■ **WHAT IS EXPECTED**: Begin at the line holding "Municipality of Hellevoetsluis" and set down exactly each line through the last one below, omitting pictures. Include nothing else.

■ **PROVIDED INFORMATION**:
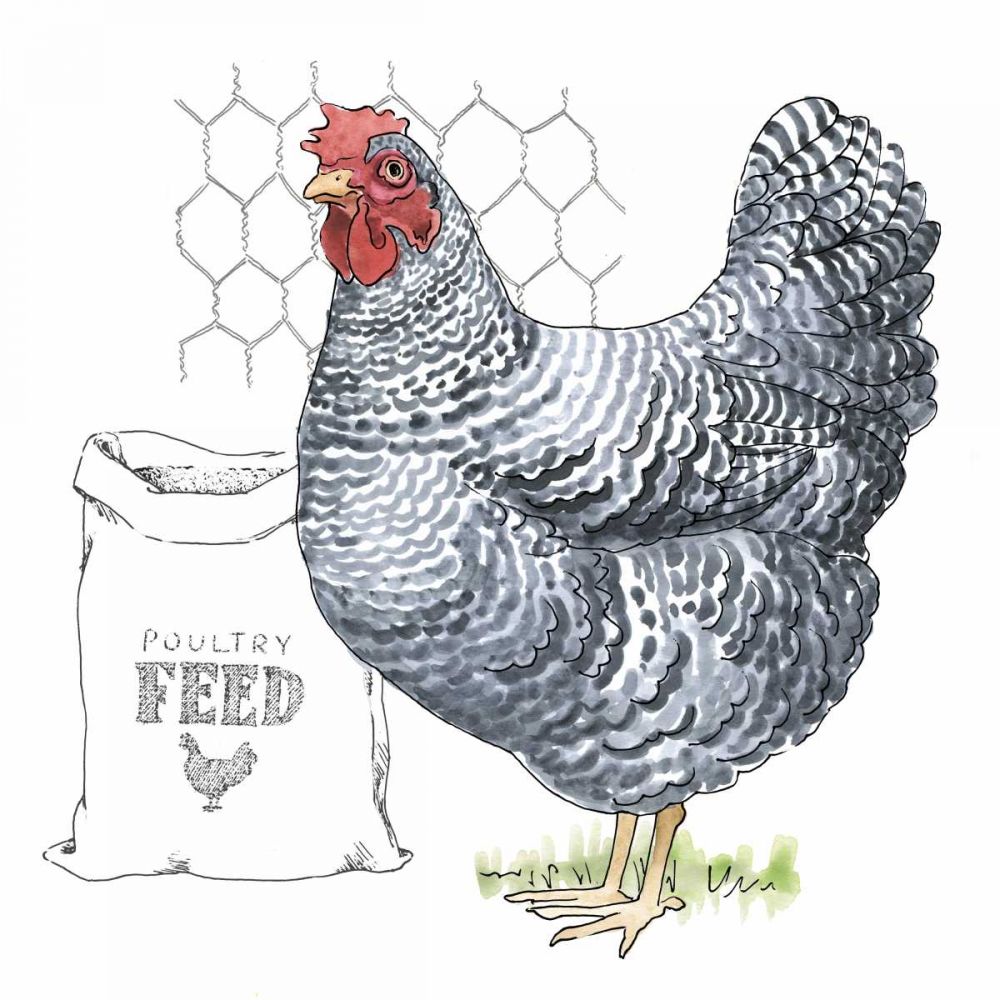 Fun at the Coop III v2 art print by Beth Grove for $57.95 CAD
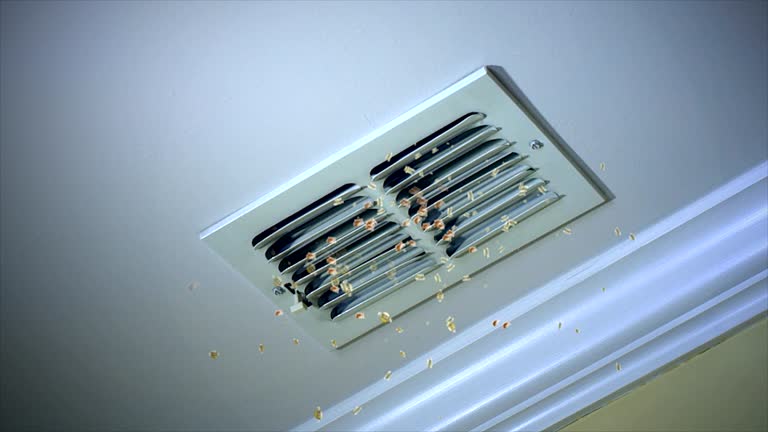 Affordable HVAC Duct Cleaning in Holden, MO
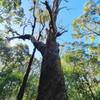 Very cool, very old tree not far from where the singletrack starts.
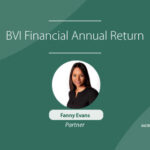 BVI-Financial-Annual-Return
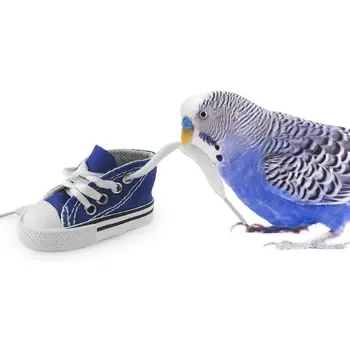7Pcs Bird Training Toys Mini Sneaker Skateboard Stacking Training Ring Bell Ball D08F 
7Pcs Bird Training Toys Mini Sneaker Skateboard Stacking Training Ring Bell Ball D08F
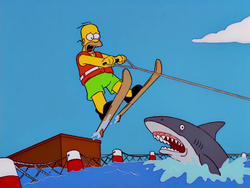 Jump the Shark.png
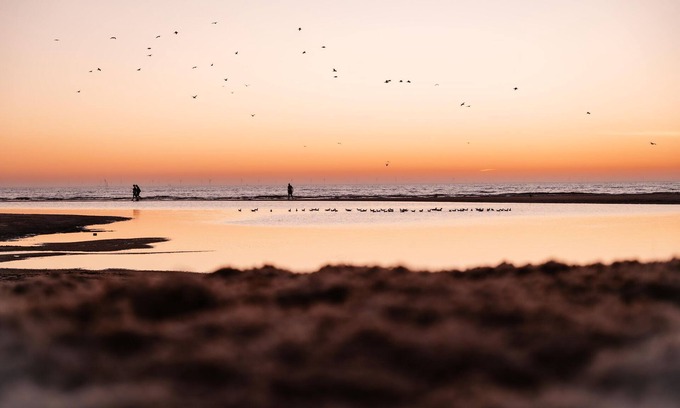 Municipality of Hellevoetsluis Apartment | Luxury hotel room with view of and near the beach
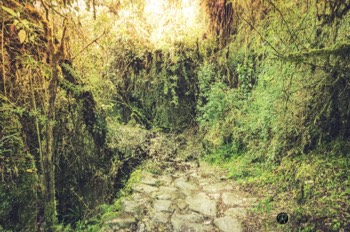  HIKING THE INCA TRAIL 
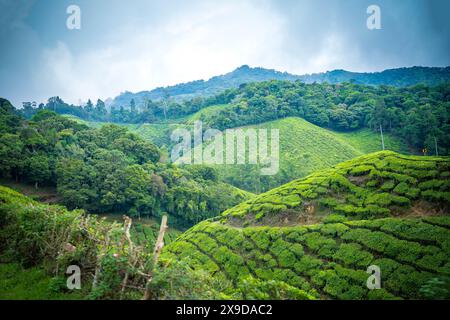 Stazione collinare di Munnar e piantagione di tè nel Kerala, India. Foto Stock
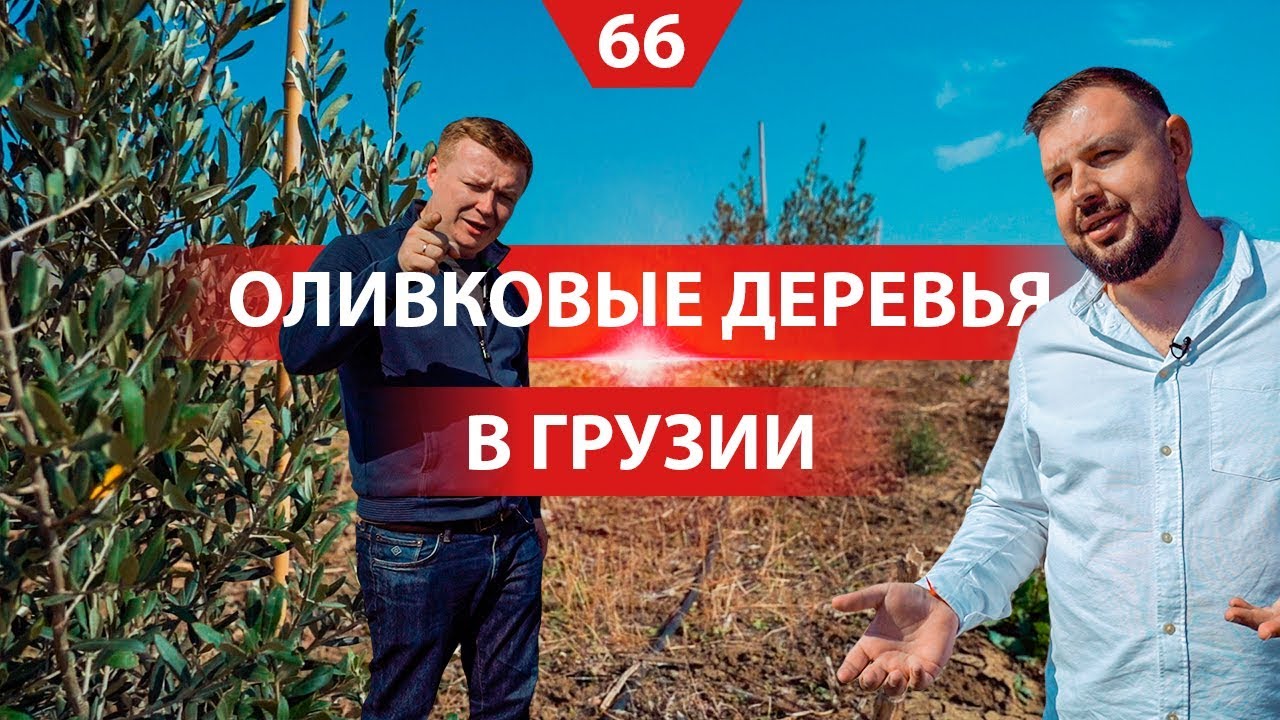 Оливковые плантации в Грузии. Инвестирование в деревья BioDeposit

■ **SOLUTION FOR THIS TASK**:
 Municipality of Hellevoetsluis Apartment | Luxury hotel room with view of and near the beach
  HIKING THE INCA TRAIL 
 Stazione collinare di Munnar e piantagione di tè nel Kerala, India. Foto Stock
 Оливковые плантации в Грузии. Инвестирование в деревья BioDeposit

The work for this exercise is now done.